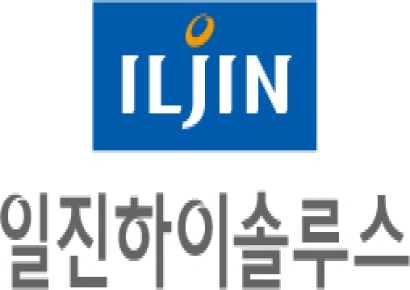 [클릭 e종목]"일진하이솔루스, 올해 적자전환 전망… 목표가 하향"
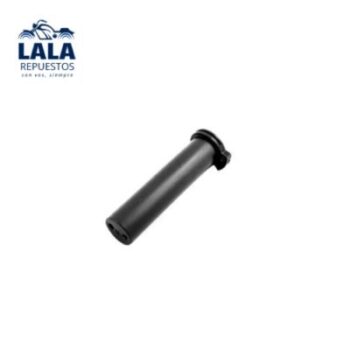 TUBO DE ACELERADOR 125 LARGO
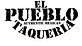 El Pueblo Taqueria in North Cape May, NJ Mexican Restaurants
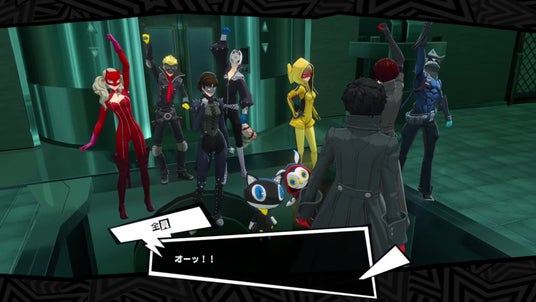 689195b29c514 5397-6695-89a01d377381f4d241212fffdc5f4db1-1920x1080.jpg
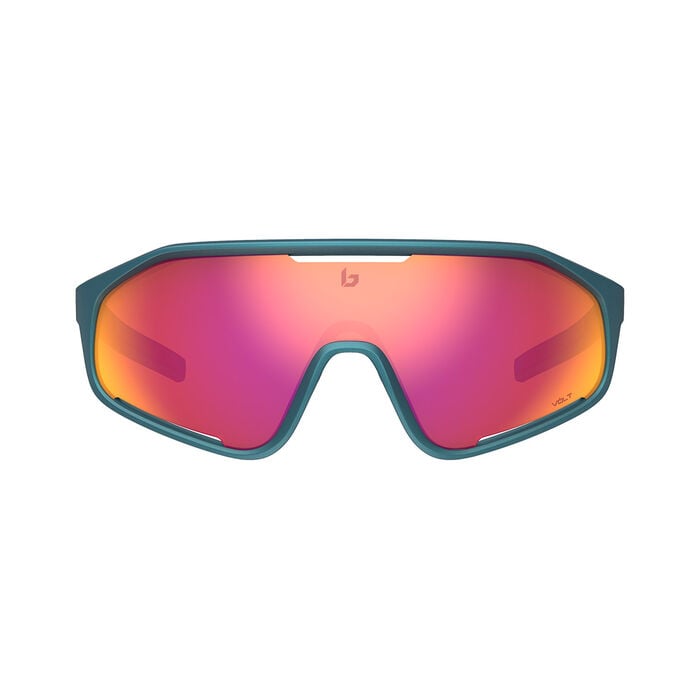 Bolle SHIFTER Lunettes De Soleil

- REQUIRED ACTION:
In the copy you return, include exactly the lines from the one containing "TUBO DE ACELERADOR 125 LARGO" through the final line of the listing, and no pictures.

- SOLUTION TO THIS PROBLEM:
 TUBO DE ACELERADOR 125 LARGO
 El Pueblo Taqueria in North Cape May, NJ Mexican Restaurants
 689195b29c514 5397-6695-89a01d377381f4d241212fffdc5f4db1-1920x1080.jpg
 Bolle SHIFTER Lunettes De Soleil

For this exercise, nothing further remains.